A canção "This is America", de Childish Gambino (identidade que o ator, roteirista e rapper Donald Glover utiliza no mercado musical), foi eleita a melhor do ano. Ausente na cerimônia, Gambino foi o grande vencedor da noite, com quatro prêmios: além de melhor canção, "This is America" também foi premiada como gravação do ano, melhor vídeo e melhor performance de rap cantado.
O rapper canadense Drake venceu na categoria melhor canção rap, com "God's plan" e surpreendeu a plateia ao dizer que conquistar prêmios como o Grammy não é importante. "Você já venceu se você tem pessoas que cantam suas canções palavra por palavra, se você é um herói na sua cidade natal", disse Drake. "Você não precisa disso aqui. Eu juro. Você já venceu", discursou o cantor, que teve a fala abruptamente cortada por um break comercial.

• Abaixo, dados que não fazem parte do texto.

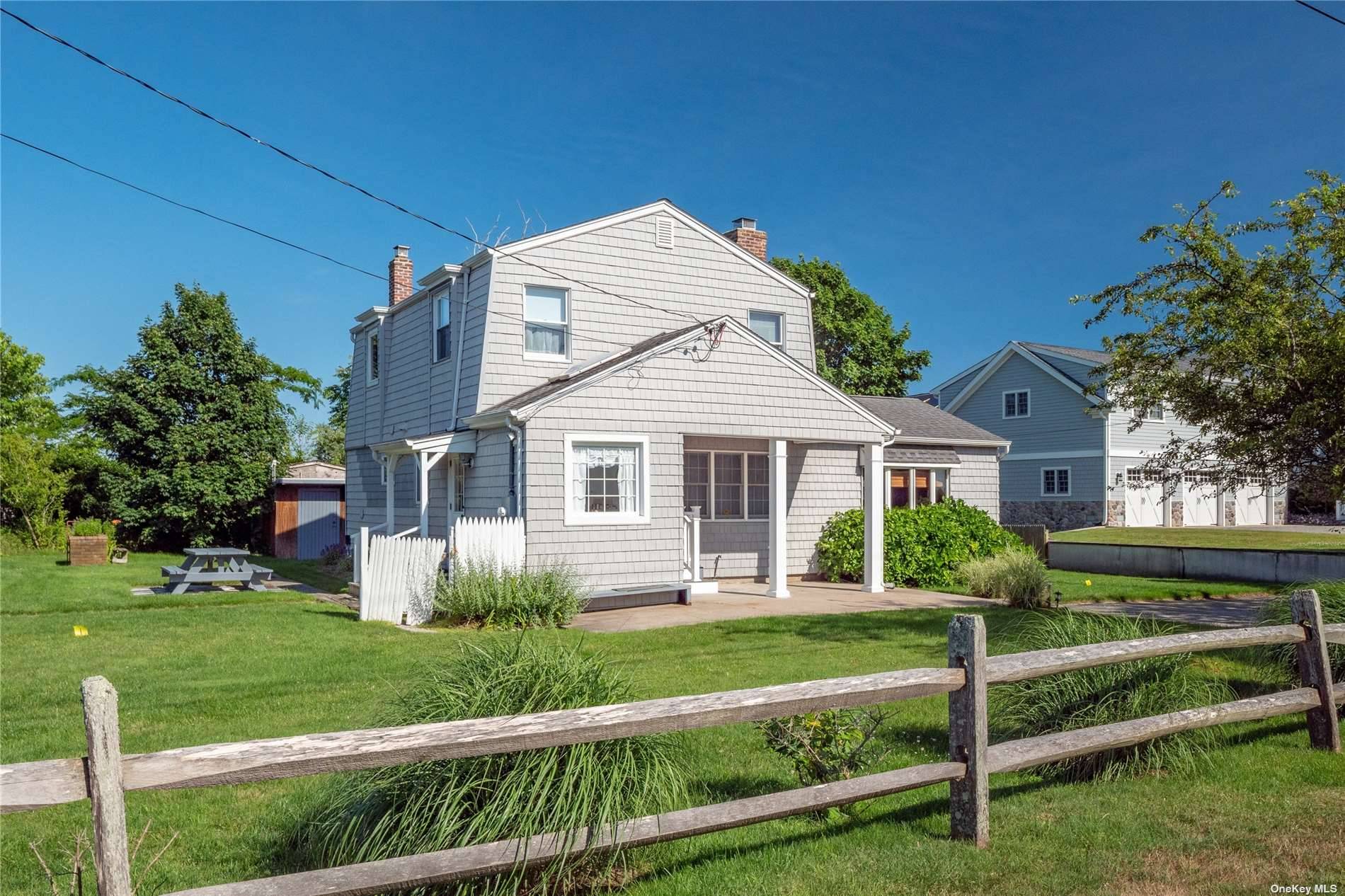 Sprawled over a bautifully landscaped yard with a private bay beach one house away, just minutes from dining and Ocean beaches sits this charming 3 Bedroom, 2 Bathroom home with ...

A cantora americana Cardi B fez história ao ter seu álbum "Invasion os privacy" escolhido como o melhor na categoria rap - foi a primeira vez que uma mulher conquista tal feito.
Alicia Keys conduziu a festa com graça
A cantora Alicia Keys foi a responsável pela apresentação da cerimônia e com boa desenvoltura alternou suas falas com alguns trechos tocados ao piano. Em seu discurso de abertura, chamou ao palco Michelle Obama e as artistas Lady Gaga, Jada Pinkett-Smith e Jennifer Lopez. As cinco falaram, brevemente, sobre a importância da música. "Seja country, rap ou rock, música nos ajuda a dividir, seja nossa dignidade ou dor, nossa esperança ou alegria", disse Obama. "Nos permite ouvir uns aos outros e convidar os outros a entrar música nos mostra tudo o que importa. Toda história, toda voz, em toda nota de cada canção", disse a ex-primeira dama, que foi ovacionada pela plateia.
Em seu discurso, Gaga falou sobre a importância do tema da saúde mental, abordada no longa, e agradeceu ao seu diretor no filme e parceiro na música, Cooper, que estava em Londres representando o filme na entrega do prêmio Bafta, da indústria cinematográfica britânica. Logo após descer do palco, a cantora teve que retornar. Ela venceu o primeiro prêmio entregue na transmissão televisiva, o de melhor performance pop de duo ou grupo, por "Shallow", sua música com Bradley Cooper da trilha sonora do remake do filme "Nasce uma estrela". O domínio das mulheres também se fez presente na distribuição dos prêmios: a exemplo de Lady Gaga, Brandi Carlile e Kacey Musgraves venceram três categorias cada uma.
Cinco das oito categorias que escolheram álbuns do ano foram vencidas por mulheres, incluindo Carlile, com "By the way, I forgive you"; Janelle Monae, com "Dirty computer"; Cardi B, com "Invasion of privacy; e H.E.R., com o álbum de mesmo nome. "Acho que nós evoluímos este ano", disse Dua Lipa, ao receber o prêmio de revelação.
A banda de rock Greta van Fleet, de Detroit, que chegou rapidamente ao estrelato com um trabalho autoral que remete ao hard rock dos anos 1970, ganhou o prêmio de melhor álbum de rock. Indicada em outras três categorias, a banda retrô foi superada pelo cantor Chris Cornell, falecido em maio de 2017, na categoria melhor performance de rock. Cornell foi premiado postumamente por "When bad does good". "Sua voz foi a sua visão e sua música foi a sua paz", disse sua filha Toni, ao receber o prêmio com o irmão.
Diana Ross, que está prestes a completar 75 anos, foi ovacionada ao interpretar duas músicas durante a homenagem que o Grammy fez aos 60 anos da gravadora Motown, a meca sagrada da música negra americana. A rainha da country music Dolly Parton, de 73 anos, foi homenageada durante a cerimônia.